▸ **Dataset content**
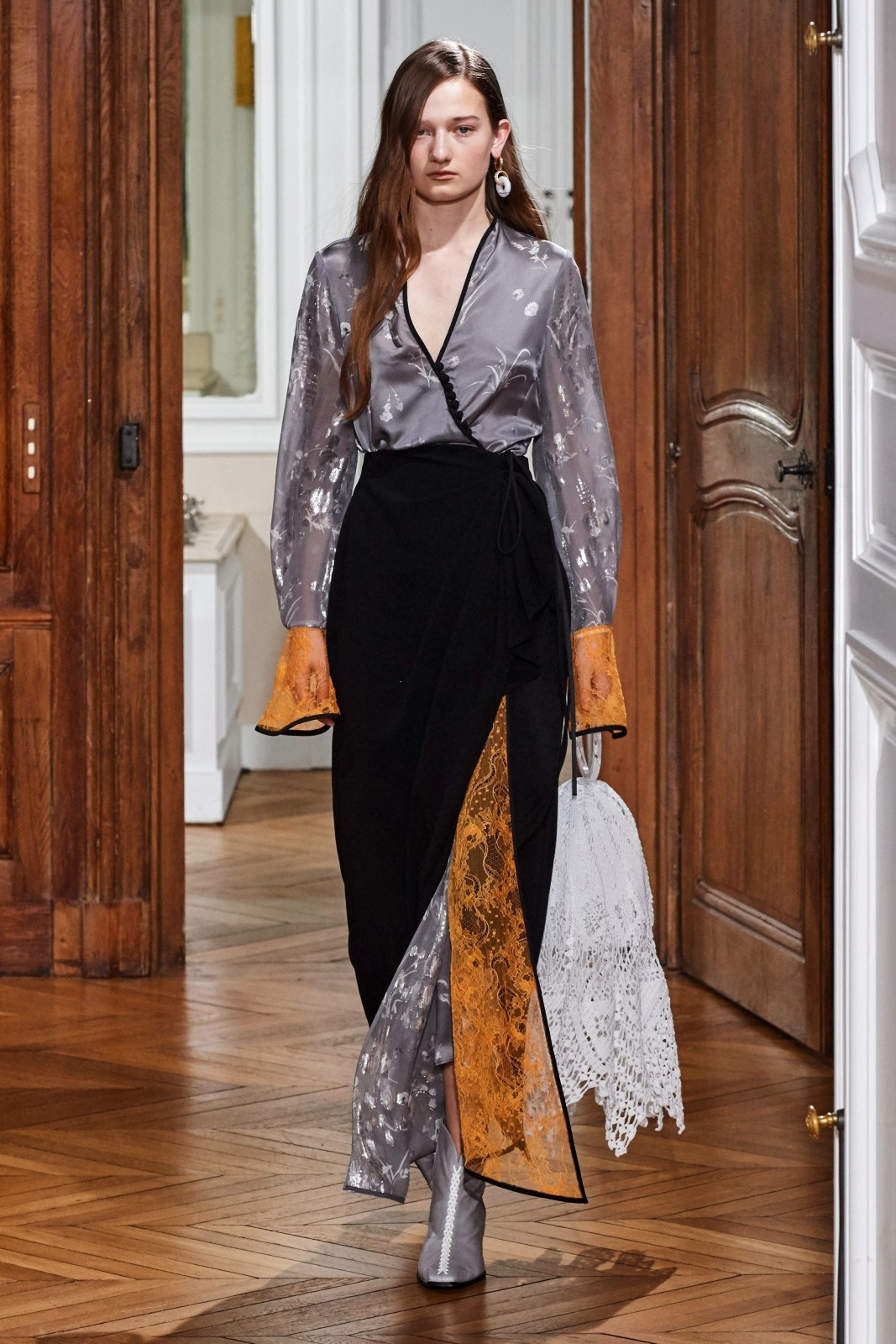 Mame Kurogouchi Paris Fashion Week FW19 Highlights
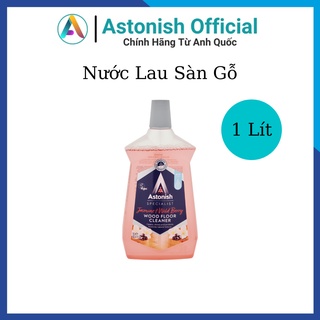 Nước lau sàn gỗ ASTONISH lau sàn hữu cơ đuổi muỗi khử mùi diệt khuẩn 1 lít C6120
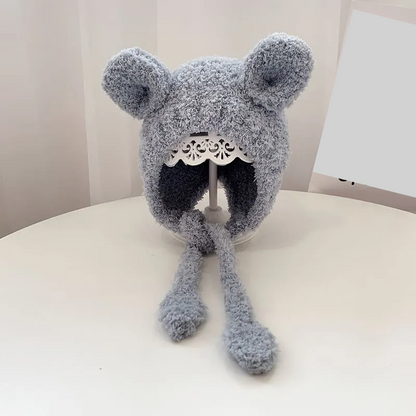 Baby Hats: Cute Bear Ear Warm Beanie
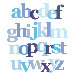 Imagination - Letter Layers Stretched Wall Art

▸ **Task brief**
Skip the pictures; extract only the lines from the line with "Nước lau sàn" through the final line of the material, exactly as they appear.

▸ **Your response**
 Nước lau sàn gỗ ASTONISH lau sàn hữu cơ đuổi muỗi khử mùi diệt khuẩn 1 lít C6120
 Baby Hats: Cute Bear Ear Warm Beanie
 Imagination - Letter Layers Stretched Wall Art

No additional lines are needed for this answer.